Bea materai Rp 10 ribu baru mulai beredar pada 28 Januari 2020. Meski belum genap dua bulan, Polda Metro Jaya sudah menemukan bea materi Rp 10 ribu palsu yang dilakukan oleh sejumlah oknum.
Direktur Pelayanan, Penyuluhan dan Hubungan Masyarakat Ditjen Pajak Kemenkeu Neilmaldrin Noor mengingatkan agar masyarakat bisa selalu memastikan keaslian dari meterai yang dibeli. "Apabila masyarakat menemukan penjualan meterai di bawah harga nominal yang tertera hampir bisa dipastikan bahwa meterai itu palsu," ujarnya dalam Konferensi Pers Pengungkapan Meterai Tempel Palsu, Rabu (17/3).
Jika masyarakat menyadari bea meterai yang digunakan palsu setelah transaksi, menurut Neilmaldrin, pemerintah dapat menggantikannya dengan meterai yang sah. Ini sesuai dengan Undang-Undang Bea Meterai terbaru Nomor 10 tahun 2020. "Dapat kami ganti dengan materai yang sah apabila ada yang mengetahui dan bisa membedakan setelah ada transaksi atau penandatanganan," kata Neilmaldrin d
Ketentuan tersebut diatur dalam Bab VI UU 10/2020 tentang pemateraian kemudian. Dalam pasal 17 beleid itu, pemeteraian dilakukan untuk dokumen yang bea meterainya tidak atau kurang dibayar dan/atau digunakan sebagai alat bukti pengadilan.

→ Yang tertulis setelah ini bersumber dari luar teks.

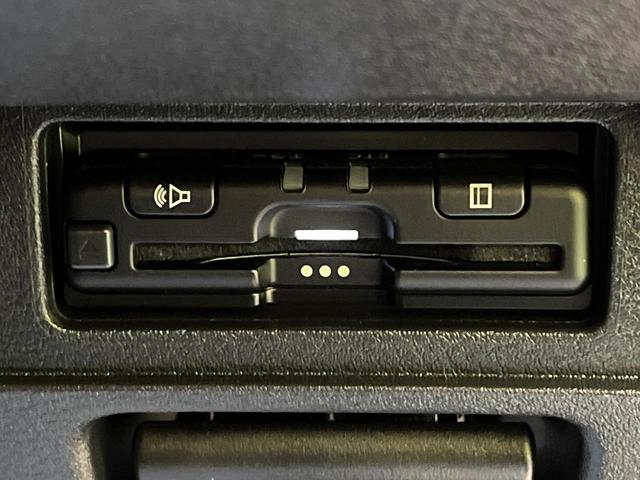 ノート Ｘ　禁煙車　全周囲カメラ　純正９型ディスプレイオーディオ　衝突被害軽減システム　シートヒーター　ドライブレコーダー　コーナーセンサー　ＬＥＤヘッドライト　ＥＴＣ　オートマチックハイビーム　車線逸脱警報（5枚目）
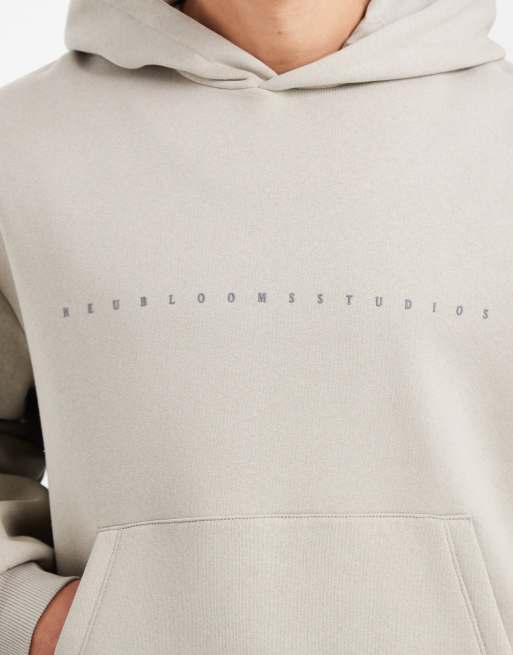 ASOS DESIGN - Ruimvallende hoodie met rechte pasvorm en tekstprint in stone, 5 van 5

Direktur Operasi Percetakan Uang Republik Indonesia Saiful Bahri mengatakan, terdapat tiga indikator untuk membedakan meterai asli dengan yang palsu. "Pendekatan itu yakni dilihat, diraba, dan digoyang," kata Saiful dalam kesempatan yang sama.
Pertama, dilihat sisi perforasi atau lubang kecil yang ada di sebelah kiri meterai. Terdapat tiga bentuk umum lubang kecil pada meterai yang asli yakni oval, bulat, dan bintang.
Menurut dia, perforasi pada meterai tidak mungkin bisa dipalsukan. "Ini karena teknologi perforasi cukup spesifik dan tidak ada yang punya di Indonesia," ujar dia.
Kedua, diraba nominal angka yang terletak pada meterai. Nominal Rp 6 ribu maupun Rp 10 ribu pada meterai yang asli akan kasar jika diraba.
Hal tersebut karena teknologi cetak meterai khusus yang hanya boleh dimiliki oleh Peruri. Tetapi, jika nominal pada meterai terlihat dan sudah diraba tidak kasar, meterai tersebut dicetak hanya menggunakan mesin cetak biasa.
Ketiga, digoyang meterainya untuk mengetahui perubahan warna. "Kalau yang palsu sepintas memang warnanya mirip tetapi jika digoyang biasanya tidak terjadi perubahan warna karena teknologinya berbeda," katanya.
Selain itu, Saiful menuturkan bahwa ornamen-ornamen yang ada dalam meterai harus diperhatikan secara rinci. Ini karena tidak semua meterai palsu menyertakan ornamen meterai yang lengkap seperti lambang Garuda Pancasila, logo Kemenkeu, dan Ditjen Pajak.
Pemerintah memperkenalkan meterai tempel baru Rp 10 ribu pada akhir Januari 2021 sebagai pengganti meterai tempel lama desain 2014. Meterai tersebut sudah dapat diperoleh masyarakat di Kantor Pos seluruh Indonesia.
“Meterai tempel baru ini memiliki ciri umum dan ciri khusus yang perlu diketahui oleh masyarakat,” ujar Direktur Penyuluhan, Pelayanan, dan Hubungan Masyarakat Direktorat Jenderal Pajak Kementerian Keuangan Hestu Yoga Saksama dalam keterangan resminya, Jakarta, Kamis (28/1).
Ciri umum tersebut, di antaranya terdapat gambar lambang negara Garuda Pancasila, angka Rp 10 ribu, dan tulisan “Sepuluh Ribu Rupiah” yang menunjukkan tarif bea meterai, teks mikro modulasi “Indonesia”, blok ornamen khas Indonesia, dan seterusnya.
Sedangkan ciri khususnya adalah warna meterai didominasi merah muda, serat berwarna merah dan kuning yang tampak pada kertas, dan garis hologram sekuriti berbentuk persegi panjang yang memuat gambar lambang negara Garuda Pancasila. Selain itu, terdapat pula gambar bintang, logo Kemenkeu, serta tulisan “DJP", dan sebagainya.